** Records supplied follows **

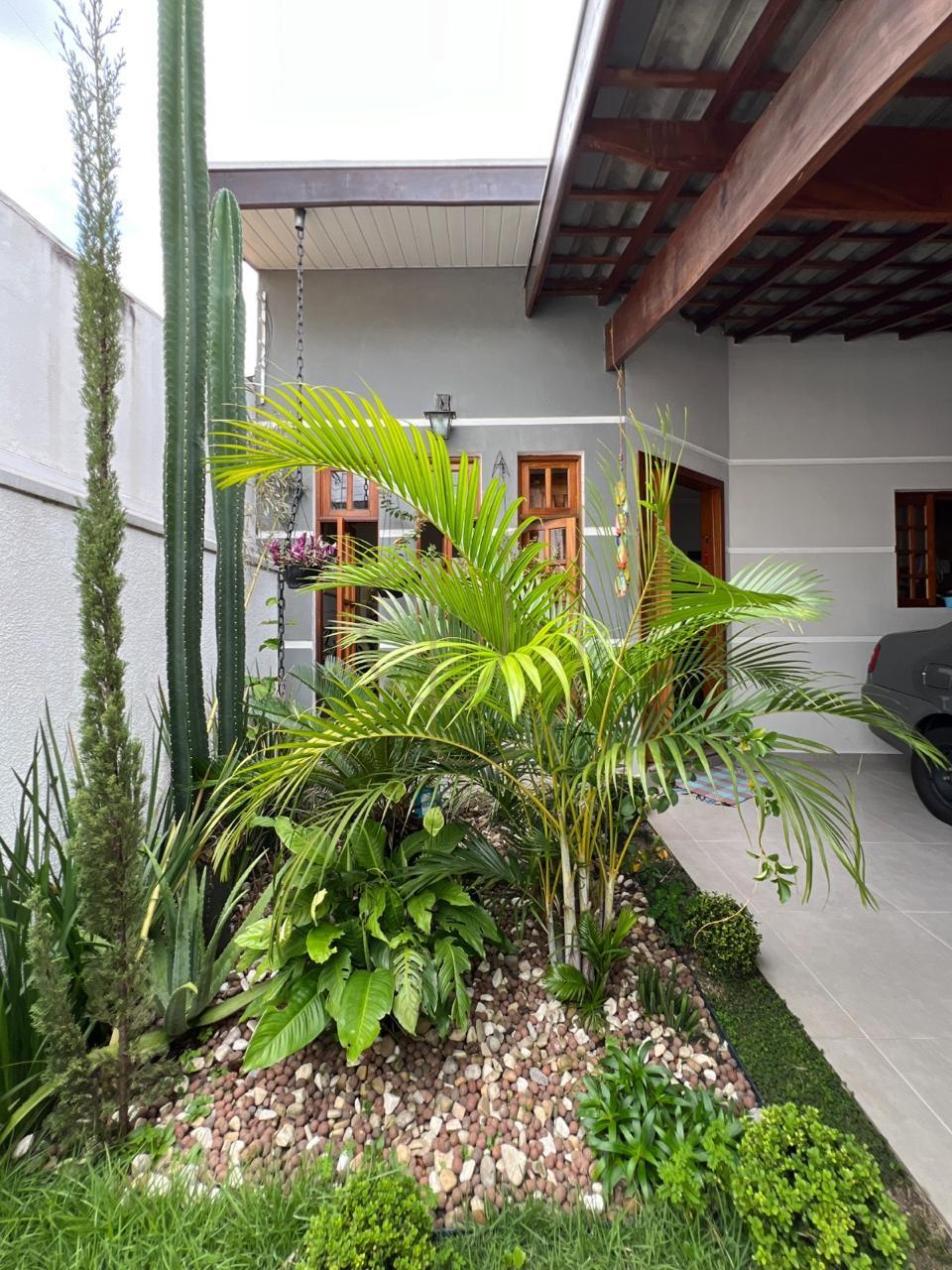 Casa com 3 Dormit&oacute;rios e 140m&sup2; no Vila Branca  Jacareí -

** End of Records supplied **
** Records supplied follows **

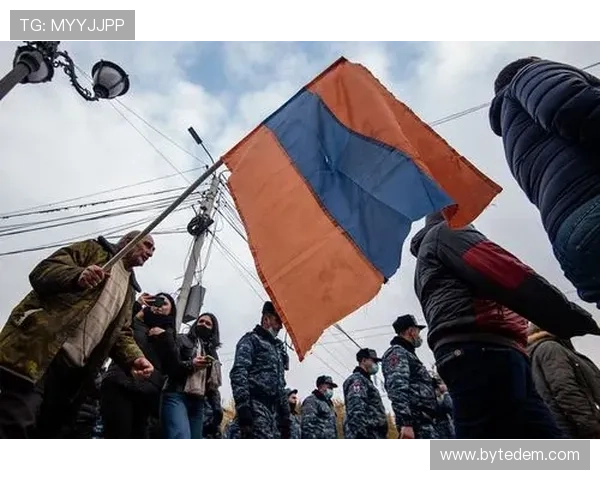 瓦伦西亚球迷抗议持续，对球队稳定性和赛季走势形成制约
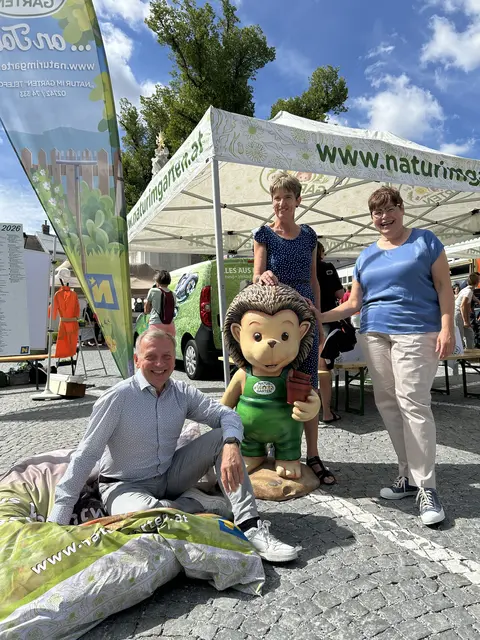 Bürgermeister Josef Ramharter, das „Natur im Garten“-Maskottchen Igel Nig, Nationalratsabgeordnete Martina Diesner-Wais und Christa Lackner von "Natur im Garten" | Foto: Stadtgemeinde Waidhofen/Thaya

** End of Records supplied **

▶ _Work instruction_
Out of the records above, return only the lines from the one with "瓦伦西亚球迷抗议持续，对球队稳定性和赛季走势形成制约" through the one with "Bürgermeister Josef Ramharter, das", exactly, and none of the pictures.

▶ _Exercise output_
 瓦伦西亚球迷抗议持续，对球队稳定性和赛季走势形成制约
 Bürgermeister Josef Ramharter, das „Natur im Garten“-Maskottchen Igel Nig, Nationalratsabgeordnete Martina Diesner-Wais und Christa Lackner von "Natur im Garten" | Foto: Stadtgemeinde Waidhofen/Thaya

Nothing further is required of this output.